EPCO-08. CONVERGENCE OF NON-CODING SOMATIC MUTATIONS ON CANCER DRIVER PLEXUSES IN PEDIATRIC HIGH-GRADE GLIOMA

Abstract

Abstract Central nervous system tumors are the most common pediatric malignancies after leukemia, and the most common cause of cancer death among persons ages 0 – 14 [1,2]. Despite its low incidence rate, pediatric high-grade gliomas (pHGGs) account for over 40% of all childhood brain tumor deaths [3, 4]. As such, it remains the focus of many research teams across the globe. The discovery of recurrent mutations in genes encoding histone H3.3 [5] was a breakthrough in the genetic basis of pHGGs and highlighted the relevance of epigenetic reconfiguration for oncogene activation.

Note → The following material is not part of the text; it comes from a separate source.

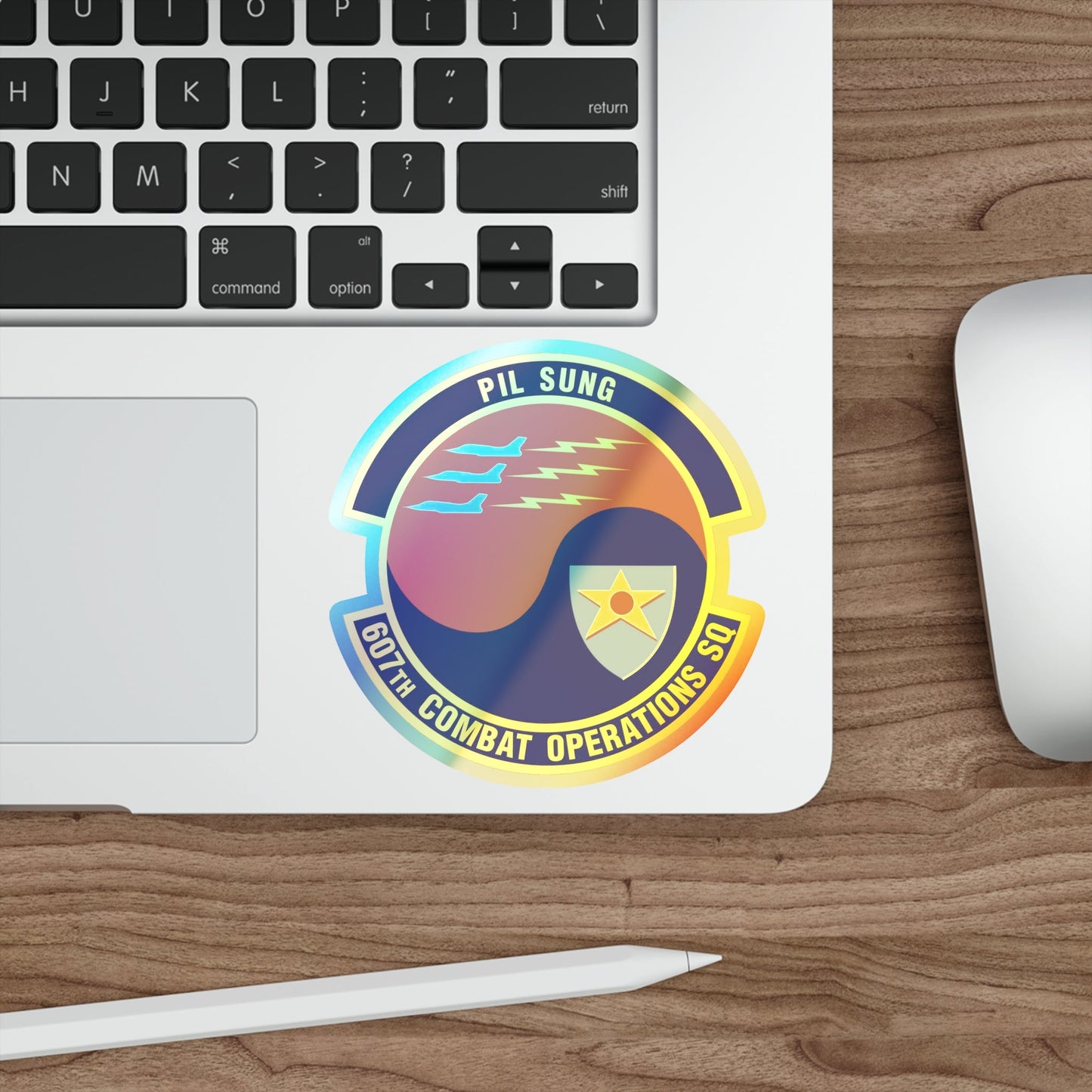 607th Combat Operations Squadron (U.S. Air Force) Holographic STICKER Die-Cut Vinyl Decal-The Sticker Space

However, much work is still needed to uncover driver alterations responsible for tumor initiation or progression. pHGGs have frequent epigenetic dysregulation [6,7] and abundant somatic mutations in the noncoding regions of the genome [8], but the functional relevance of the noncoding somatic mutations has not been evaluated systematically. Here, we assess correlations between noncoding somatic mutations in pediatric brain-specific cis-regulatory elements (CREs) and changes in gene expression. We demonstrate the sparsity of recurrent mutations in CREs. Then illustrate the power of graph database in consolidating multi-omics datasets for efficient queries. Our network approach for charting the genomic, epigenetic, and transcriptomic landscape of pHGG allow us to 1) identify clusters of CREs associated with dysregulated gene expression, 2) nominate transcription factors whose binding affinities are recurrently impacted by somatic mutations found in pHGGs, and 3) establish regulatory networks potentially guiding pHGG tumor growth and progression.